If your (0.0001) K^-1 is relative to say 10 degrees K, you have to calculate all the expansions as changes from the 10K reference temperature.

So if you have a 1m long object at 20K and you heat it to 30K, the calculation would be

Let the reference length be L at 10K. Length at 20K = 1m
L x (1 + 0.0001 x (20-10)) = 1
L = 1 / 1.001 = 0.999001 m
Length at 30K = 0.999001(1 + 0.0001 x (30-10)) = 1.000999m
Increase in length from 20K to 30K = 1.000999 - 1 = 0.000999m.

Or alternatively, for the exact same material, the expansion coefficient might be given as 0.0000999 K^-1 relative to 20K, which would give you the same answer with a simpler calculation.

In practice, this is not very important except for large changes of temperature (hundreds or thousands of degrees) because the "errors" are tiny. But kudos for realizing this is not quite as simple as it first appears to be
tnx alphazero,,
then:
the fixed form will be :Lfinal-Linitial=a*Linitial*(Tfinal-Tinitial)/(((Tinitial-Treference)*a)+1)
and its not very complex (is it?).so,why they have defined the equation as: Lfinal-Linitial=a*Linitial*(Tfinal-Tinitial)?

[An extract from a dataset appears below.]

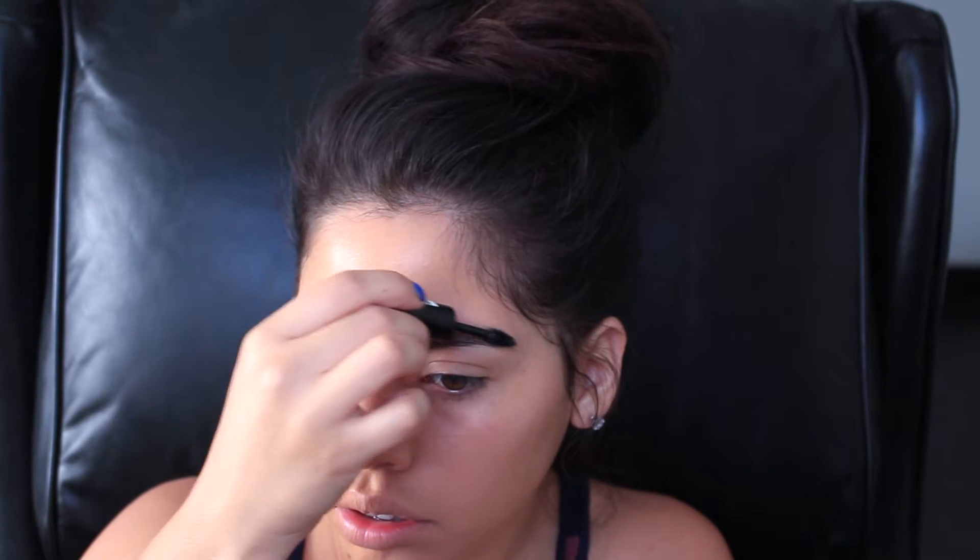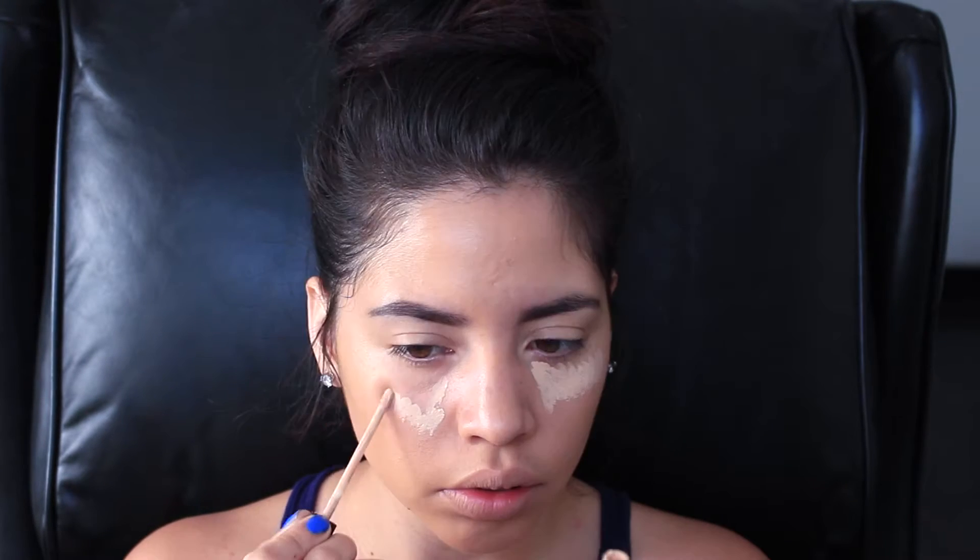Now to brighten under my eyes a little bit, I'm using the Maybelline Fit Me Concealer in the color light, and I am just using my Real Techniques sponge and blending it all together.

There's really no "they," there's only "us" - people trying to work efficiently with equations that are neither too hard nor too simple.

A better equation is

$$d\epsilon=dL/L=\alpha\,dT$$

where $\epsilon$ is the strain. Now let's say you start every day by integrating this to give

$$\Delta L=\int_{T_1}^{T_2}\alpha L\,dT$$

which is a relatively hard integral to solve because both $\alpha$ and $L$ are temperature dependent. But you might assume that they don't change much with temperature, so you'll take them out of the integral and integrate as follows:

$$\Delta L\approx\alpha L_1 \int_{T_1}^{T_2}dT=\alpha L_1\Delta T$$

This equation is much easier to use, but you need to remember that it's only an approximation that required a couple of assumptions. As a result, the answers won't match perfectly if you compare two successive temperature increases of $\Delta T/2$ with a single increase of $\Delta T$. Does this make sense?

Last edited:
I should add, you could also solve the differential equation

$$d\epsilon=dL/L=\alpha\,dT$$

by integrating $dL/L$ to give

$$\ln\left(\frac{L_2}{L_1}\right)=\int_{T_1}^{T_2}\alpha\,dT\approx\alpha\Delta T$$

This approximation will work for successive temperature increases - try it. You might notice that when $L_2\approx L_1$, the logarithm is just about equal to $(L_2-L_1)/L_1$. It's easier to do the second calculation by hand or in one's head, so that's the form that most people use, perhaps forgetting or not knowing that it's just an approximation.

## 1. What is the linear expansion equation?

The linear expansion equation is a mathematical formula used to calculate the change in length of a material due to temperature. It is expressed as ΔL = αL₀ΔT, where ΔL is the change in length, α is the coefficient of linear expansion, L₀ is the initial length of the material, and ΔT is the change in temperature.

## 2. How is the linear expansion coefficient determined?

The linear expansion coefficient, α, is determined experimentally by measuring the change in length of a material for a given change in temperature. It is usually expressed in units of 1/°C or 1/K.

## 3. What is the significance of the linear expansion equation?

The linear expansion equation is important in understanding how materials expand and contract with changes in temperature. It allows scientists to predict and control the expansion and contraction of materials, which is essential in many engineering and construction applications.

## 4. Can the linear expansion equation be applied to all materials?

No, the linear expansion equation can only be applied to isotropic materials, meaning materials that expand or contract uniformly in all directions with changes in temperature. Anisotropic materials, which have different expansion rates in different directions, require more complex equations to calculate their expansion.

## 5. How is the linear expansion equation used in real-world applications?

The linear expansion equation is used in a variety of real-world applications, such as in the design and construction of bridges, buildings, and pipelines. It is also used in the development of temperature sensors and thermostats, as well as in the production of precision instruments that require minimal thermal expansion.